[PATCH RFC] mtd: spi-nor: Sleep between ready checks

William A. Kennington III posted 1 patch 6 months, 3 weeks ago
drivers/mtd/spi-nor/core.c  | 56 +++++++++++++++++++++++++++----------
include/linux/mtd/spi-nor.h |  2 ++
2 files changed, 44 insertions(+), 14 deletions(-)
[PATCH RFC] mtd: spi-nor: Sleep between ready checks
Posted by William A. Kennington III 6 months, 3 weeks ago
We have SPI NOR devices that respond very slowly (200ms+) to some
commands. This causes our CPU to stall while repeatedly polling the NOR
with no cooldown in between attempts. In order to reduce overhead, this
patch introduces an exponential backoff in SPI readiness polling, that
self tunes the polling interval to match the speed of most transactions.

Signed-off-by: William A. Kennington III <william@wkennington.com>
---
 drivers/mtd/spi-nor/core.c  | 56 +++++++++++++++++++++++++++----------
 include/linux/mtd/spi-nor.h |  2 ++
 2 files changed, 44 insertions(+), 14 deletions(-)

diff --git a/drivers/mtd/spi-nor/core.c b/drivers/mtd/spi-nor/core.c
index ac4b960101cc..75d3a4a1c1e3 100644
--- a/drivers/mtd/spi-nor/core.c
+++ b/drivers/mtd/spi-nor/core.c
@@ -714,27 +714,47 @@ static int spi_nor_ready(struct spi_nor *nor)
 static int spi_nor_wait_till_ready_with_timeout(struct spi_nor *nor,
 						unsigned long timeout_jiffies)
 {
-	unsigned long deadline;
-	int timeout = 0, ret;
-
-	deadline = jiffies + timeout_jiffies;
-
-	while (!timeout) {
-		if (time_after_eq(jiffies, deadline))
-			timeout = 1;
+	unsigned long deadline = jiffies + timeout_jiffies;
+	unsigned long sleep = nor->ready_sleep;
+	int ret, sleeps = 0;
 
+	while (true) {
 		ret = spi_nor_ready(nor);
 		if (ret < 0)
 			return ret;
-		if (ret)
+		if (ret) {
+			/*
+			 * We want to decrease the polling interval in cases
+			 * where multiple requests finish in a single iteration
+			 * or less.
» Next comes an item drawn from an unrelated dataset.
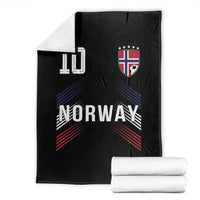 Norway Soccer Sports Graphic Number 10 Jersey Style Throw Blanket Proud Norwegian Football Fans Game Day Pride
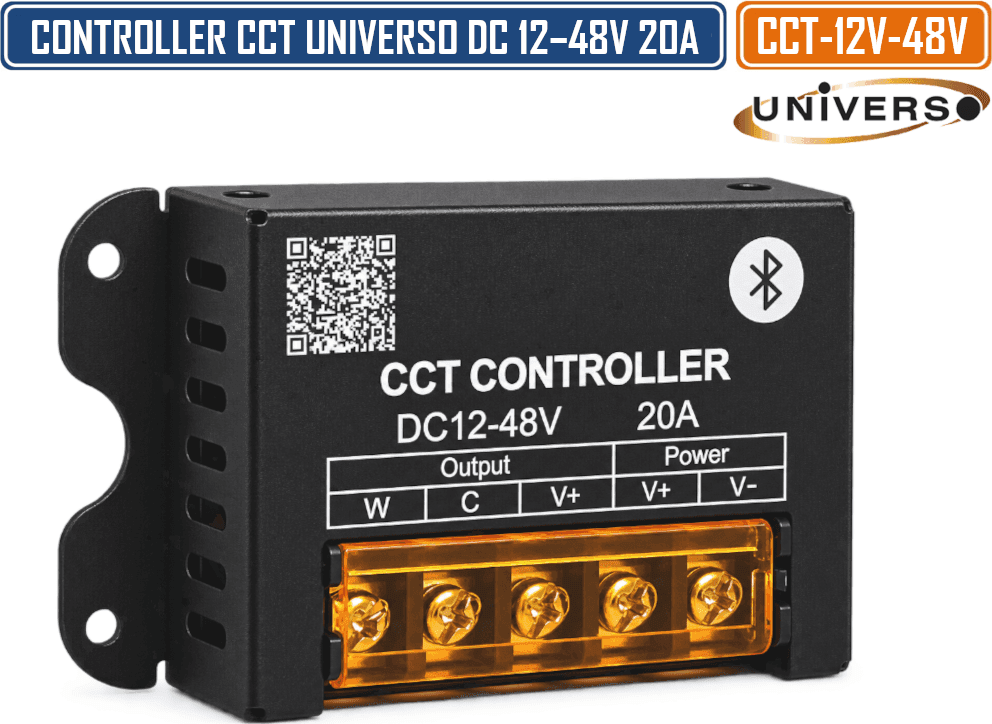 CONTROLLER CCT UNIVERSO DC 12-48V 20A 960W CON TELECOMANDO – REGOLATORE LUMINOSITÀ E TEMPERATURA COLORE LED 2700K-6500K - 2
We don't want to do it for single outliers,
+			 * but we give more weight to short transactions.
+			 */
+			if (sleeps < 2)
+				nor->ready_sleep_down += 2;
+			else if (nor->ready_sleep_down > 0)
+				nor->ready_sleep_down--;
+
+			if (nor->ready_sleep_down >= 5) {
+				nor->ready_sleep >>= 1;
+				nor->ready_sleep_down = 0;
+			}
 			return 0;
+		}
+		if (time_after_eq(jiffies, deadline)) {
+			dev_dbg(nor->dev, "flash operation timed out\n");
+			return -ETIMEDOUT;
+		}
 
-		cond_resched();
-	}
-
-	dev_dbg(nor->dev, "flash operation timed out\n");
+		fsleep(sleep);
+		sleeps++;
 
-	return -ETIMEDOUT;
+		/*
+		 * Exponentially backoff the sleep, but hard limit at
+		 * 1ms to avoid responsiveness issues.
+		 */
+		if (sleep < 1000)
+			sleep += (sleep >> 1) + 1;
+	}
 }
 
 /**
@@ -3449,6 +3469,14 @@ int spi_nor_scan(struct spi_nor *nor, const char *name,
 
 	nor->info = info;
 
+	/*
+	 * Pick an initial sleep value that will get downtuned.
+	 * We want this value to be higher than needed for most flashes
+	 * as it will clamp down to the fastest transactions.
+	 */
+	nor->ready_sleep = 127;
+	nor->ready_sleep_down = 0;
+
 	mutex_init(&nor->lock);
 
 	/* Init flash parameters based on flash_info struct and SFDP */
diff --git a/include/linux/mtd/spi-nor.h b/include/linux/mtd/spi-nor.h
index cdcfe0fd2e7d..27bb4243db64 100644
--- a/include/linux/mtd/spi-nor.h
+++ b/include/linux/mtd/spi-nor.h
@@ -406,6 +406,8 @@ struct spi_nor {
 	enum spi_nor_protocol	reg_proto;
 	bool			sst_write_second;
 	u32			flags;
+	unsigned long		ready_sleep;
+	unsigned int		ready_sleep_down;
 	enum spi_nor_cmd_ext	cmd_ext_type;
 	struct sfdp		*sfdp;
 	struct dentry		*debugfs_root;
-- 
2.49.0.1151.ga128411c76-goog
Re: [PATCH RFC] mtd: spi-nor: Sleep between ready checks
Posted by Pratyush Yadav 6 months, 2 weeks ago
Hi William,

On Thu, May 22 2025, William A. Kennington III wrote:

> We have SPI NOR devices that respond very slowly (200ms+) to some
> commands. This causes our CPU to stall while repeatedly polling the NOR
> with no cooldown in between attempts. In order to reduce overhead, this
> patch introduces an exponential backoff in SPI readiness polling, that
> self tunes the polling interval to match the speed of most transactions.
>
> Signed-off-by: William A. Kennington III <william@wkennington.com>

I didn't read the code too deeply, but it seems full of magic values and
I am honestly not a big fan of how it reads. At the very least the logic
should be less black-magic. But since I didn't spend too much time
understanding the code, I don't have specific feedback for you.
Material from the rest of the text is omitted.